This word is from the old Scandinavian gatlopp, which is a compound of gata, a road or street, with lopp, a course. You might not recognise the first part, but as gait it survives in English in the related sense of a manner of walking. Also, in northern England a gate is not a barrier across a road but the road itself. For example, streets in York have names such as Coppergate and Micklegate, given them by the Vikings who occupied the city before the Norman Conquest. Visitors often think that these are references to the openings in the city walls (for which the local name is actually bar, another word bequeathed by the Vikings).

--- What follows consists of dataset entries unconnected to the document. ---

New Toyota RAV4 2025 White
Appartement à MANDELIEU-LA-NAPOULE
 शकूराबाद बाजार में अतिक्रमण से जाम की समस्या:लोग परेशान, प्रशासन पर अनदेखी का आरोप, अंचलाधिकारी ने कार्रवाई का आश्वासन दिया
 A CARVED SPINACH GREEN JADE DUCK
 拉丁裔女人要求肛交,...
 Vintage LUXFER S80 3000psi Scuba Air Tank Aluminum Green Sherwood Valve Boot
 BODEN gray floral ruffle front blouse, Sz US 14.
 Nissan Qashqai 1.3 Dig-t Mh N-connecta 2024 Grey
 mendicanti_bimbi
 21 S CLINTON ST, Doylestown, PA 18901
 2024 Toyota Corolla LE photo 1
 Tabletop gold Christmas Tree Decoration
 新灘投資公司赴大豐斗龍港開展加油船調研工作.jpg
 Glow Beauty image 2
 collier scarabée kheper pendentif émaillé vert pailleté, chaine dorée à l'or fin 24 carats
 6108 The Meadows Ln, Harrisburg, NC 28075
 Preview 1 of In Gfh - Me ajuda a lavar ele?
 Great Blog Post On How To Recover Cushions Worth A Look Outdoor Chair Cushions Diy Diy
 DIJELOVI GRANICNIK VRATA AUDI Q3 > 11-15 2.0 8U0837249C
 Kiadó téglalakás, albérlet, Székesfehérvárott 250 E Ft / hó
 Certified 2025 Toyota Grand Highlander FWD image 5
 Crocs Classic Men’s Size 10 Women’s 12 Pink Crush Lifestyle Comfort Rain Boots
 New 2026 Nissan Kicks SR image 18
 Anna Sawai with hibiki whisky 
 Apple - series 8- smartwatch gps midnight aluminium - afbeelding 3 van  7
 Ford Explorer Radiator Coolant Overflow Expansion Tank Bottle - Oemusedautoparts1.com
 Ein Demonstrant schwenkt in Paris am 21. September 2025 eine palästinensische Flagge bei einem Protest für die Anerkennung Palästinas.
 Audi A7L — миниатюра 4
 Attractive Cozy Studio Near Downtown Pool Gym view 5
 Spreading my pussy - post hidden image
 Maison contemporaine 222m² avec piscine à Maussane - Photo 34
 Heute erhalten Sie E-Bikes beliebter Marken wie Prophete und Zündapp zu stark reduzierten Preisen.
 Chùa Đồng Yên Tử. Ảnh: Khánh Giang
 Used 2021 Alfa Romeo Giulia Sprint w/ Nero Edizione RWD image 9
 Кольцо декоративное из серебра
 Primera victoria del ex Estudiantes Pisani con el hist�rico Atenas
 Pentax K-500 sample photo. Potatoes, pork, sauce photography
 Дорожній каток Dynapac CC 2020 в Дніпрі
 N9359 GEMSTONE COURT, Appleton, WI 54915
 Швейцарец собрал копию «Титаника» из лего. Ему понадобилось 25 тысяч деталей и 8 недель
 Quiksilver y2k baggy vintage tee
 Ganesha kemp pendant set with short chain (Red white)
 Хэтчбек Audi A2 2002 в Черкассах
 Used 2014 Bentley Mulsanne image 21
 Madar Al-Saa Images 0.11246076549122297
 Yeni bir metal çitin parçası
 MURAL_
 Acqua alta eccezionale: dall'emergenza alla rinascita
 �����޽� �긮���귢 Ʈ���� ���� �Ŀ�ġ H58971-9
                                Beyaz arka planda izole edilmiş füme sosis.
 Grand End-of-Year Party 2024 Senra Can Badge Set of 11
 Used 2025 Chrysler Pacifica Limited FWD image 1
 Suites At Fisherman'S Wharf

Gatlopp was borrowed in the seventeenth century in the corrupted form gantlope for a type of military punishment in which a man, stripped to the waist, was forced to run between a double row of men who struck at him with sticks or knotted cords. An example turns up in Henry Fielding’s Tom Jones: “Some said, he ought to be tied neck and heels; others that he deserved to run the gantlope; and the serjeant shook his cane at him, and wished he had him under his command, swearing heartily he would make an example of him”.
Hang on a minute, you may be saying, I know that as running the gauntlet. Indeed you may. That’s the result of a folk etymology that has turned the foreign gantlope into something more familiar, in this case the old word for a fortified glove that formed part of a suit of armour. By the beginning of the nineteenth century, gantlope had vanished in favour of gauntlet, almost always in the form to run the gauntlet.
Some North Americans prefer gantlet here, which is just an earlier version of gauntlet that more closely resembles the source, the Old French gantelet.